*Exercise aim*: Set down the listing exactly as given, minus images.

___ Data section

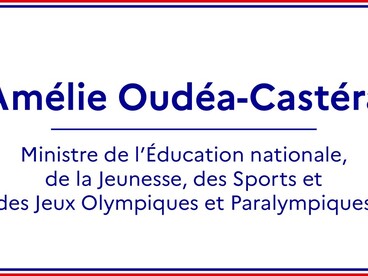 Amélie Oudéa-Castéra, ministre de l’Éducation nationale, de la Jeunesse, des Sports et des Jeux Olympiques et Paralympiques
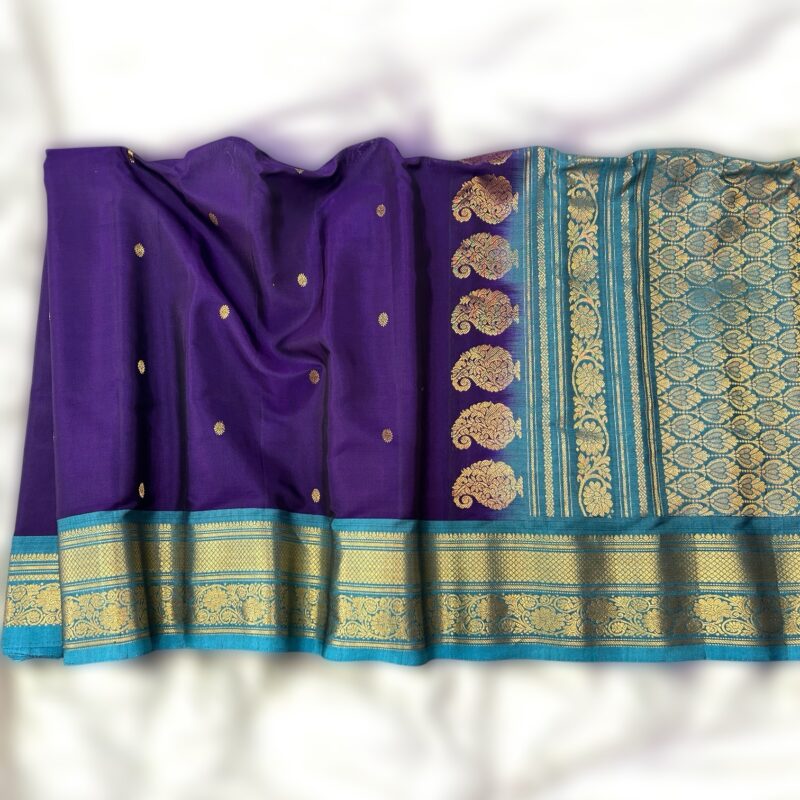 Purple Sico Gadwal Saree - view 2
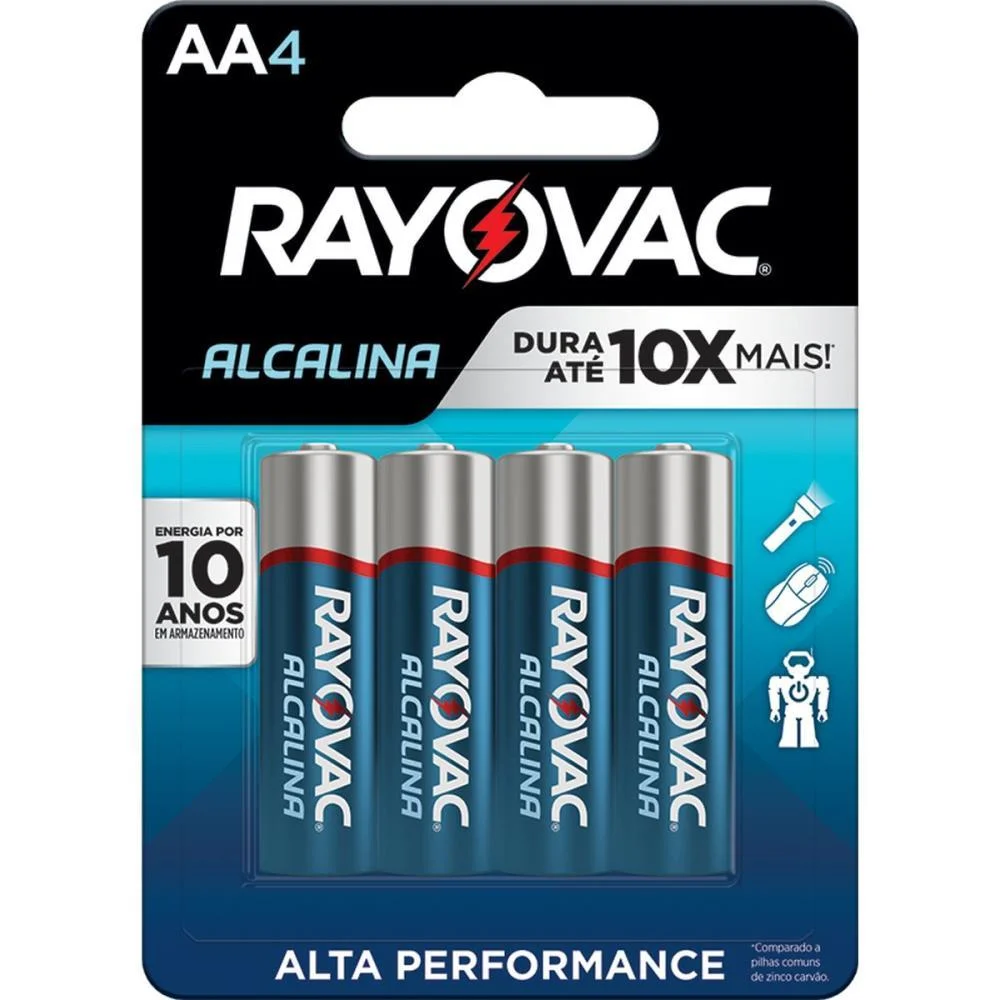 PILHA ALCALINA PEQUENA AA 18 BLISTERS X 4 UN. RAYOVAC (CAIXA) - imagem 4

______

*Output*:
 Amélie Oudéa-Castéra, ministre de l’Éducation nationale, de la Jeunesse, des Sports et des Jeux Olympiques et Paralympiques
 Purple Sico Gadwal Saree - view 2
 PILHA ALCALINA PEQUENA AA 18 BLISTERS X 4 UN. RAYOVAC (CAIXA) - imagem 4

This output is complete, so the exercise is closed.